(Web page caption snippets)
%%

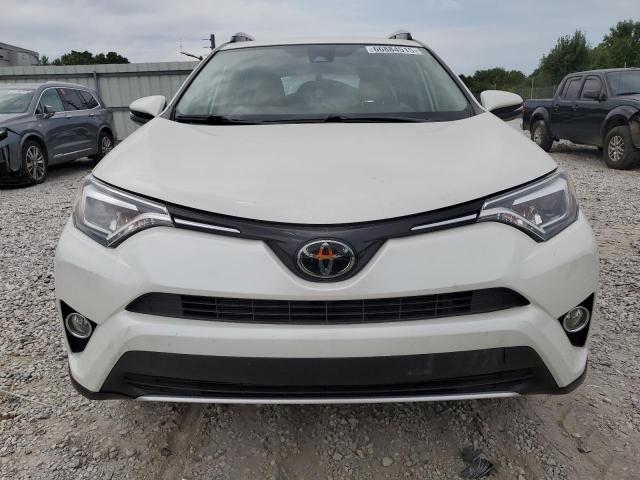 JTMYFREV3JJ203308 - 2018 TOYOTA RAV4 LIMITED Beyaz fotoğraf 5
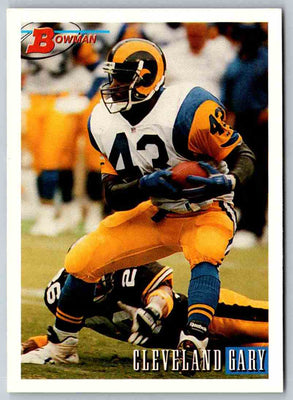 1993 Bowman Football Cleveland Gary #108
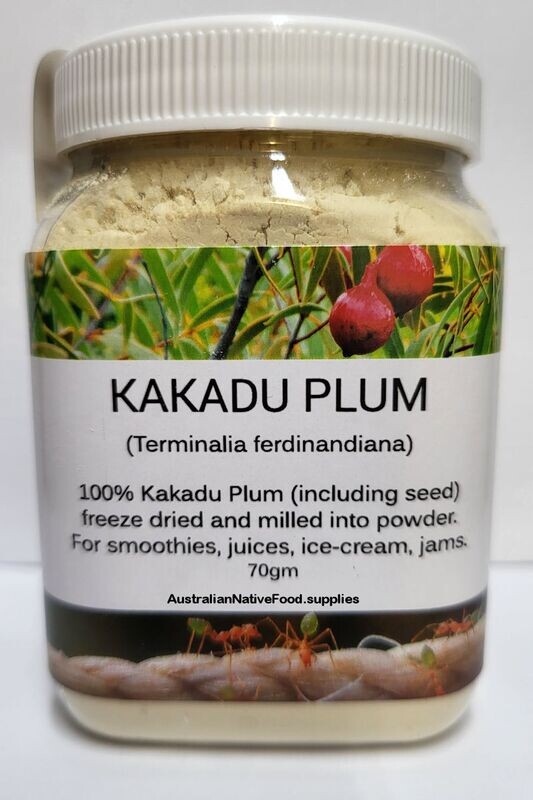 Kakadu Plum Powder 70gm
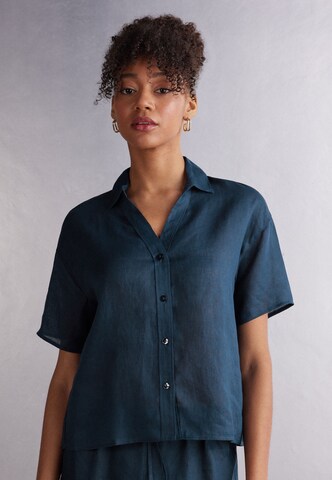 INTIMISSIMI Blouse in Blue: front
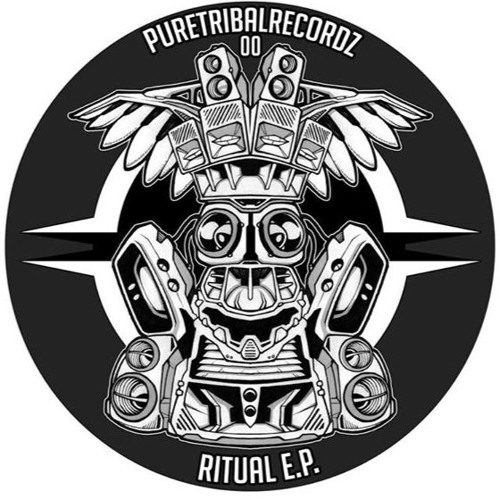 Jesuswasaraver - Sloogy & Rhythm Storm (HFC)- Pure Tribal 00 - (Vinyl & Digital)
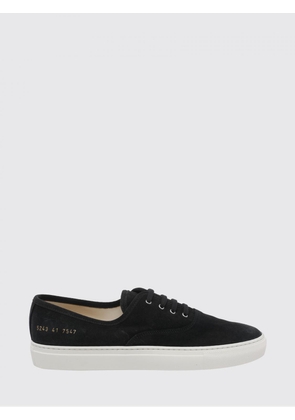 COMMON PROJECTS Low-Top Suede Sneakers with Foil-Stamped Logo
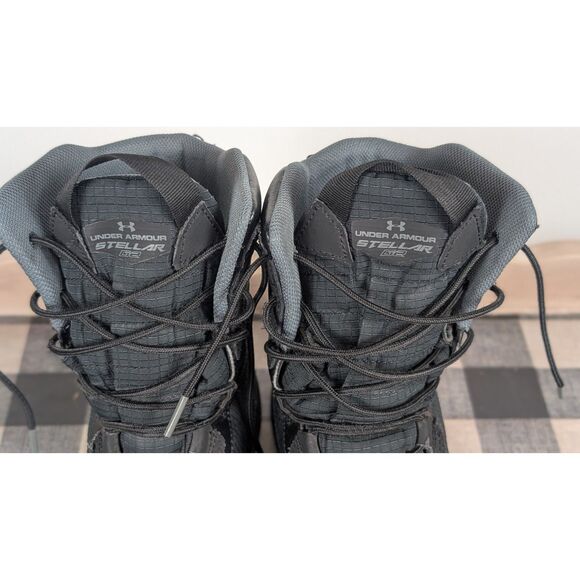 Under Armour Stellar G2 Tactical Boots Black Men\'s Size 8.5 D main image 11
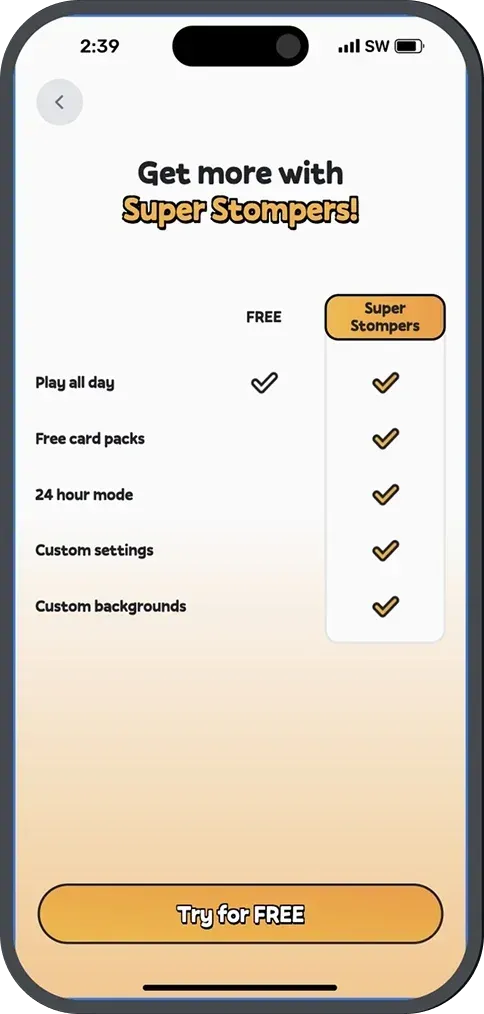 Stompers paywall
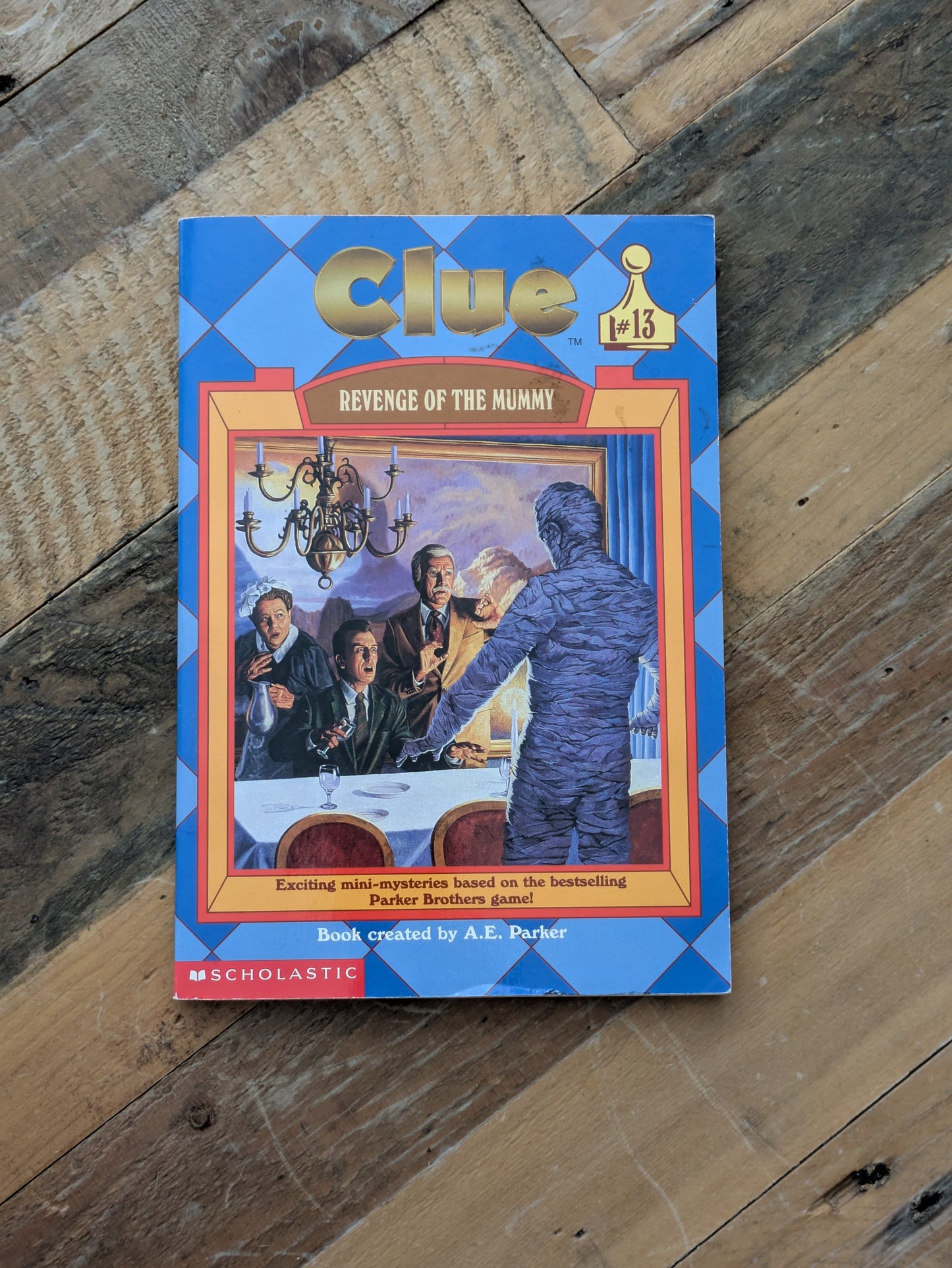 Revenge of the Mummy (Clue #13) by Marie Jacks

%%

## Your goal
The entries above are to be retyped exactly, with each picture left out.

## Completed exercise
 JTMYFREV3JJ203308 - 2018 TOYOTA RAV4 LIMITED Beyaz fotoğraf 5
 1993 Bowman Football Cleveland Gary #108
 Kakadu Plum Powder 70gm
 INTIMISSIMI Blouse in Blue: front
 Jesuswasaraver - Sloogy & Rhythm Storm (HFC)- Pure Tribal 00 - (Vinyl & Digital)
 COMMON PROJECTS Low-Top Suede Sneakers with Foil-Stamped Logo
 Under Armour Stellar G2 Tactical Boots Black Men\'s Size 8.5 D main image 11
 Stompers paywall
 Revenge of the Mummy (Clue #13) by Marie Jacks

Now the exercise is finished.